# TASK PROMPT
Copy nothing before the line containing "White Gold Art". Reproduce that line and all that follow, exactly, through the end of the records.

# DATA FOR THIS TASK
- - - - -

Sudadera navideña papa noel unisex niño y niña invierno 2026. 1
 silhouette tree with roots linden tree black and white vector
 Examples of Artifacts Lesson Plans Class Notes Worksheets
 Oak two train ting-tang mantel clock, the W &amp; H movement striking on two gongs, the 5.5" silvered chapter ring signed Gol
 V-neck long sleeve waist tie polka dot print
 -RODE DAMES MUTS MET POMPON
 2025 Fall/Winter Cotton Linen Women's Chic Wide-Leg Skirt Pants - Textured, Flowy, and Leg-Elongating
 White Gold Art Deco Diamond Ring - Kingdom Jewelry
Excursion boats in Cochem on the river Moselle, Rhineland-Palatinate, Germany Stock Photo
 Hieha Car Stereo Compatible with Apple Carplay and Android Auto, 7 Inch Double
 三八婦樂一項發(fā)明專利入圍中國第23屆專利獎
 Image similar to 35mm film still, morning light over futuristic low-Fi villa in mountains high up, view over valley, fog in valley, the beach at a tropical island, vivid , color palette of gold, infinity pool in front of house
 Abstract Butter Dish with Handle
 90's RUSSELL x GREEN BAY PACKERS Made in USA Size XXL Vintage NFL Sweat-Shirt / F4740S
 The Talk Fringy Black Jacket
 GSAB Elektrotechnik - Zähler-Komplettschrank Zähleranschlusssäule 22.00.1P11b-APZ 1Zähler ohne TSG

- - - - -

# RESULT FOR THIS EXERCISE
 White Gold Art Deco Diamond Ring - Kingdom Jewelry
Excursion boats in Cochem on the river Moselle, Rhineland-Palatinate, Germany Stock Photo
 Hieha Car Stereo Compatible with Apple Carplay and Android Auto, 7 Inch Double
 三八婦樂一項發(fā)明專利入圍中國第23屆專利獎
 Image similar to 35mm film still, morning light over futuristic low-Fi villa in mountains high up, view over valley, fog in valley, the beach at a tropical island, vivid , color palette of gold, infinity pool in front of house
 Abstract Butter Dish with Handle
 90's RUSSELL x GREEN BAY PACKERS Made in USA Size XXL Vintage NFL Sweat-Shirt / F4740S
 The Talk Fringy Black Jacket
 GSAB Elektrotechnik - Zähler-Komplettschrank Zähleranschlusssäule 22.00.1P11b-APZ 1Zähler ohne TSG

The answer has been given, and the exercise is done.